I like these 'Bourne’ thrillers so much, that I am able to forgive almost anything that does - or sometimes doesn’t - happen in them. I’m even prepared to (well, almost prepared, I suppose I should say) overlook the constant ‘punching in’ of telephone numbers. One just doesn’t punch a number in. No. Anyway...

‘Imperative' begins (well, a little bit after the beginning really) with fishing a man with memory loss and no identification out of the water. This time though, in contrast to the first ever Bourne book, it's Jason B., doing the fishing. Story moves on and the shocks and thrills mount and it soon turns out that (even) the President of the USA wants Bourne dead. I suppose you know you’re really up against it when the good ol’ POTUS wants you dead, eh? The rest of the story? Well, there’s not much you need to know, except it delivers. We have Russians, the Israelis - in the form of Mossad (as friends and foes) - Mexican drug lords and more. You can pick it up, but don’t expect to be able to put it down again anytime soon. I seem to have read this one a little out of sequence, but it really doesn’t matter. Enough of the whys and wherefore’s are explained to make it all readable without having read the previous, and without getting in the way of the enjoyment of the present.

Otherwise? You can tell the English character - he's the one calling people 'mate' in every other sentence. Mexico City is both a whirlpool and has a beating heart inside the same paragraph. Yeah, I guess I’m willing to overlook those as well.

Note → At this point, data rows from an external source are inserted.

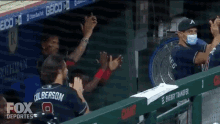 Clapping Charlie Culberson GIF - Clapping Charlie Culberson Atlanta Braves GIFs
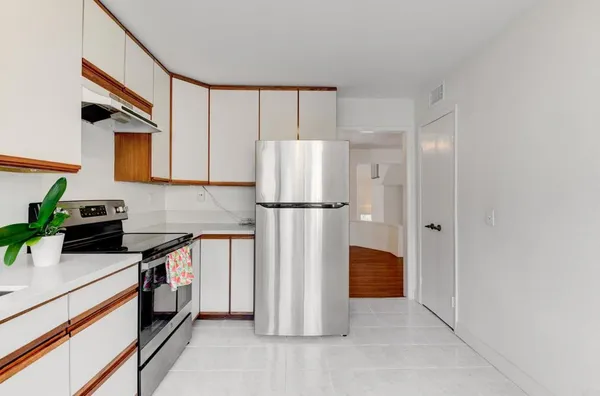 $5,000 | 3324 Caminito Eastbluff, Unit 161, La Jolla, CA 92037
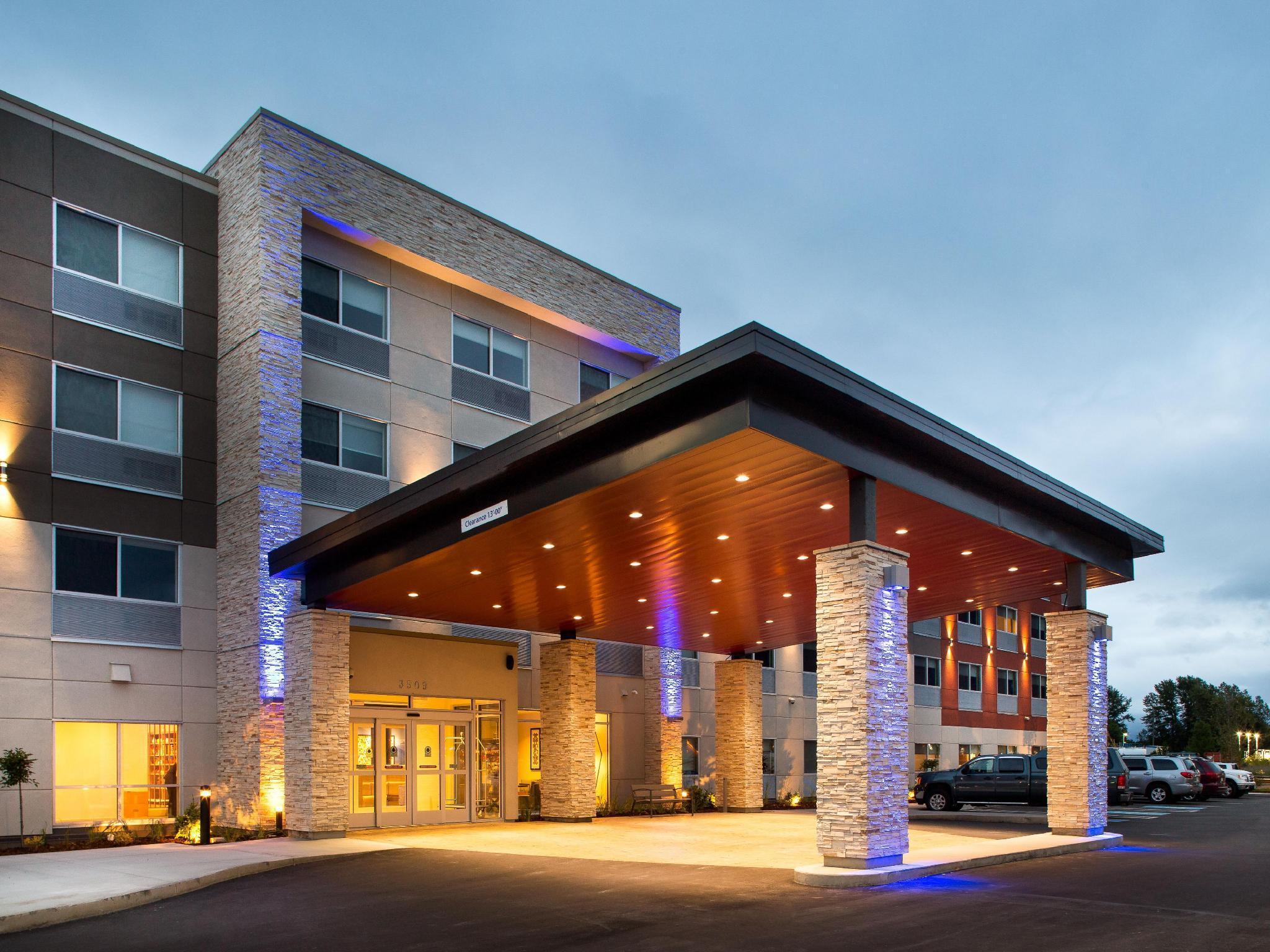 Holiday Inn Express & Suites Terrace By Ihg Eksteriør bilde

If you want a book that keeps you on your toes the whole time, where you should always expect the unexpected, then this is more how a good thriller should be than many you’ll read. Confusing yet intriguingly interesting at the start, as the pieces are assembled , then becoming clearer in the middle as the pieces fall into pace for Bourne - and you. As the problem becomes clearer, possible solutions pop up, on the page for 'Bourne and in your head. I like that in a book. And I’m pretty sure this is the kind of thriller the people quoted on the backs of Charles Cummings books think they’ve been reading.